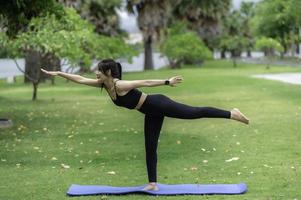 portret van jong Aziatisch vrouw Speel yoga in de openbaar park foto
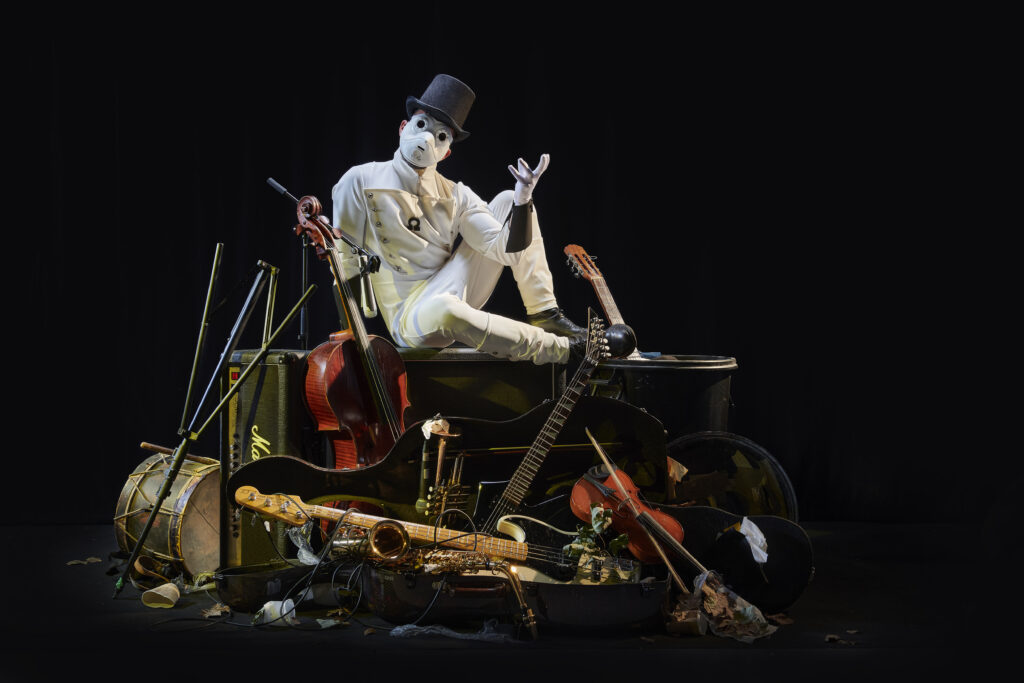 Personaje teatral con máscara blanca y sombrero entre instrumentos de música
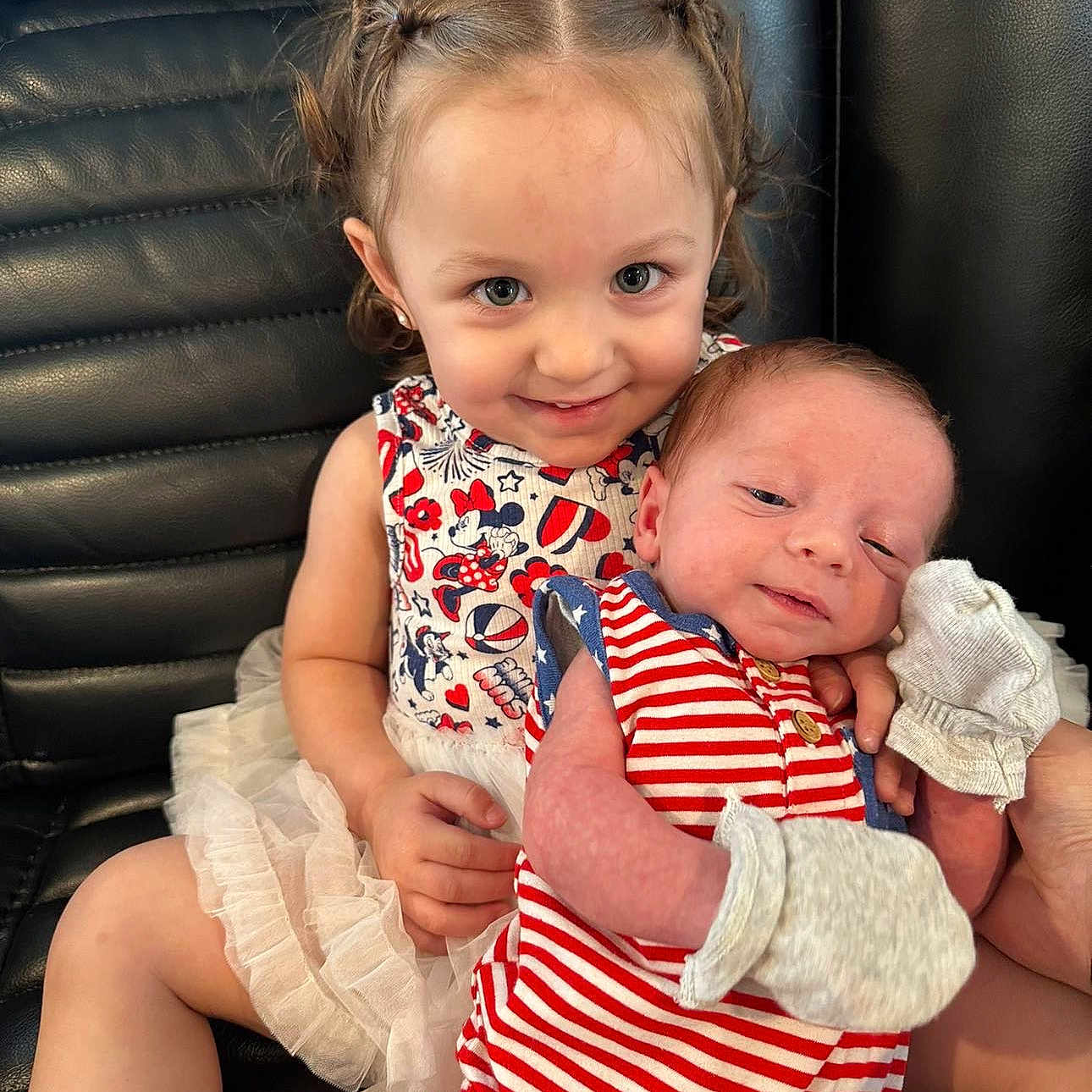 Asher joined the competition — help win amazing prizes! baby, black, braids, child, couch, cute, dress, family, happy, holding, indoor, leather, mittens, newborn, person, portrait, sibling, smile, striped_clothing, toddler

____

Retype nothing except the lines from the first line of the listing above through the line with "Personaje teatral con", exactly as they stand, and no pictures.

 portret van jong Aziatisch vrouw Speel yoga in de openbaar park foto
 Personaje teatral con máscara blanca y sombrero entre instrumentos de música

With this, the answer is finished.